# [Activity]
Within the entries below, please retype exactly the lines starting with the line that has "London Times Red Wrap Style Dress" and going on through the line that has "thumbnail image 6", but not the pictures.

# [Provided information]
——

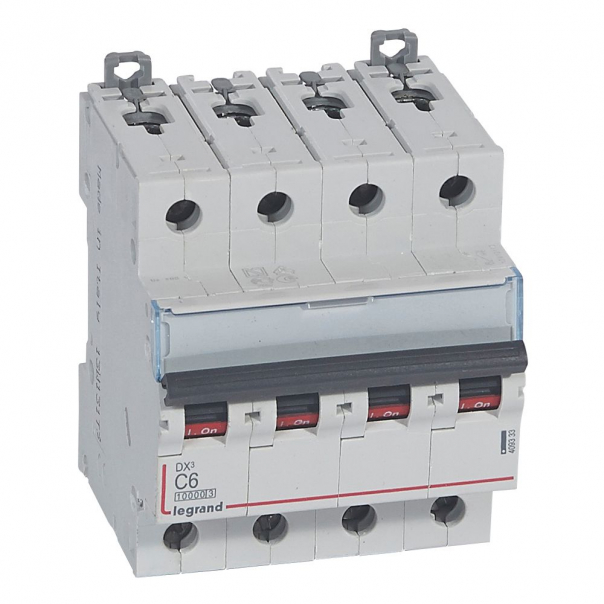 WYŁĄCZNIK NADPRĄDOWY C 6A 4 POLOWY CHARAKTERYSTYKA C SERII DX3 S314 - 409333 - LEGRAND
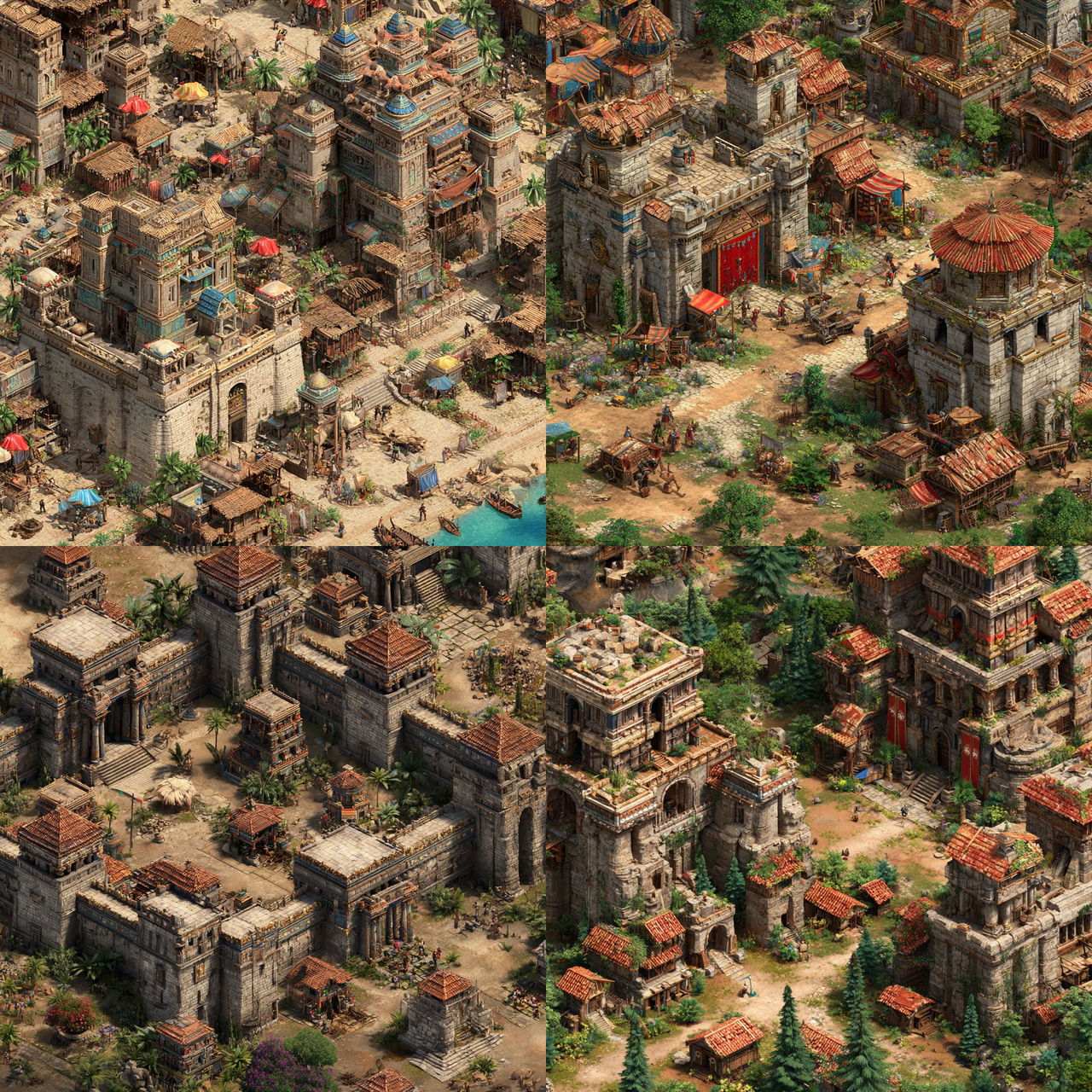 Age of Empires style, Midjourney V7, render 1 of 4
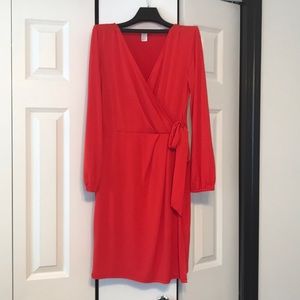 London Times Red Wrap Style Dress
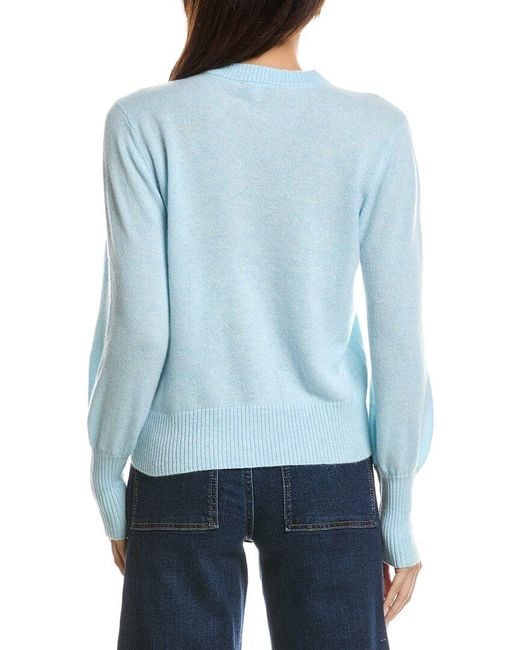 Forte Blue Gathered Shoulder Crewneck Cashmere Sweater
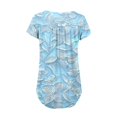 thumbnail image 6 of Womens Tops 2026 Summer Dressy Casual Floral Printed Short Sleeve Button Down Ruffle Pleated Shirts Loose Fit Cute Work Outfits Blouses, 6 of 6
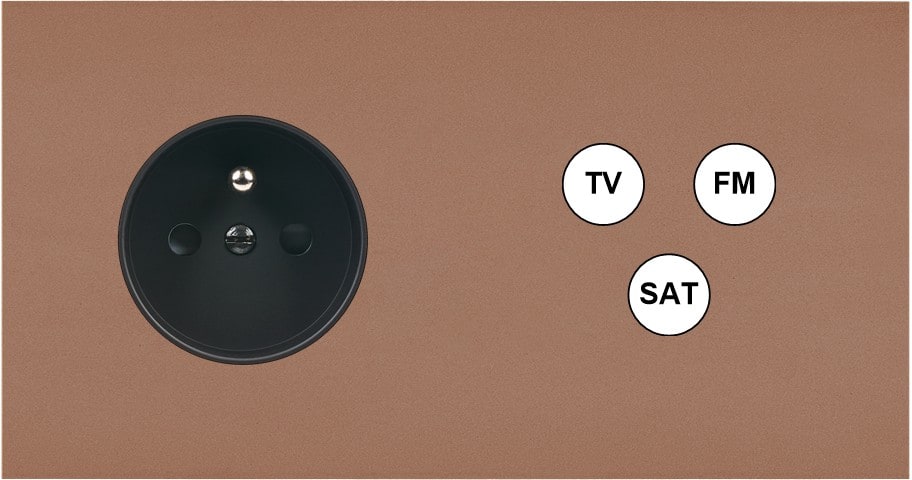 MODELEC - Façade Désir Moka Mat Double Horizontale PC Tv-Fm-Sat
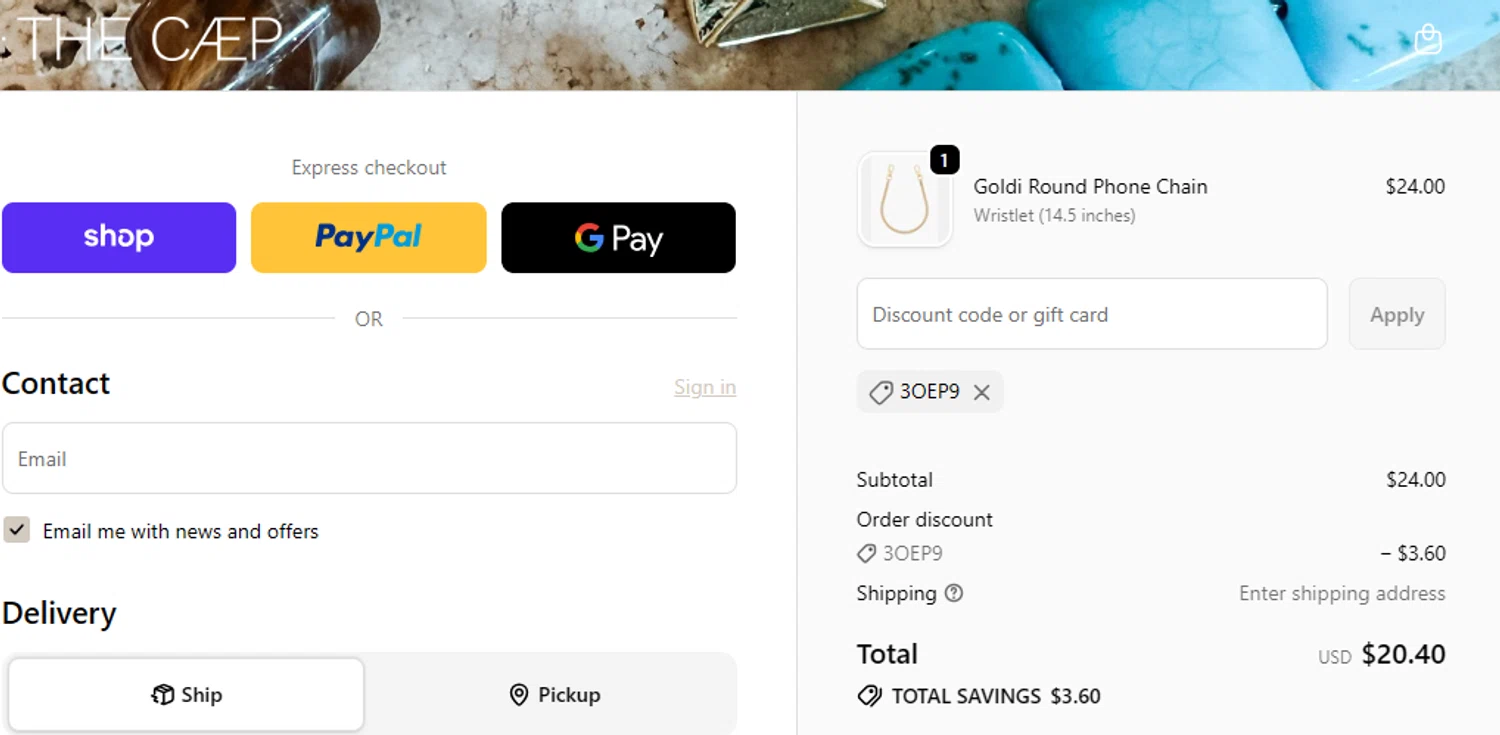 THE CÆP promo code screenshot showing code 3OEP9 applied at THE CÆP checkout page. Uploaded by SimplyCodes community member SilverMakeup on Jun 17, 2026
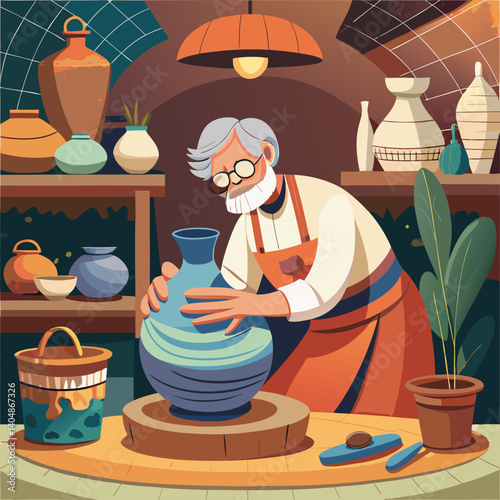 A man is kneeling down in front of a blue vase. He is fixing the vase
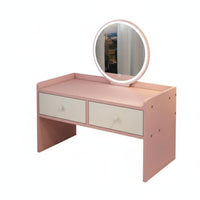 Nordic Inspired Vanity Set with Mirror and Storage Space-Saving space-efficient Vanity with Round Mirror Modern Design Dressing Table Minimalist design for Apartment Dwellers, Students, Teenagers, Bay area Area, Small Spaces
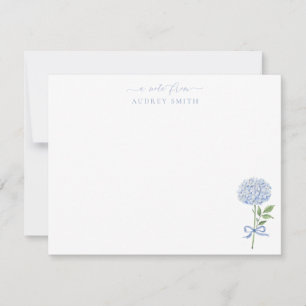 Carte De Remerciements Bleu Hydrangea Aquarelle Fleurs Script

——

# [Task answer]
 London Times Red Wrap Style Dress
 Forte Blue Gathered Shoulder Crewneck Cashmere Sweater
 thumbnail image 6 of Womens Tops 2026 Summer Dressy Casual Floral Printed Short Sleeve Button Down Ruffle Pleated Shirts Loose Fit Cute Work Outfits Blouses, 6 of 6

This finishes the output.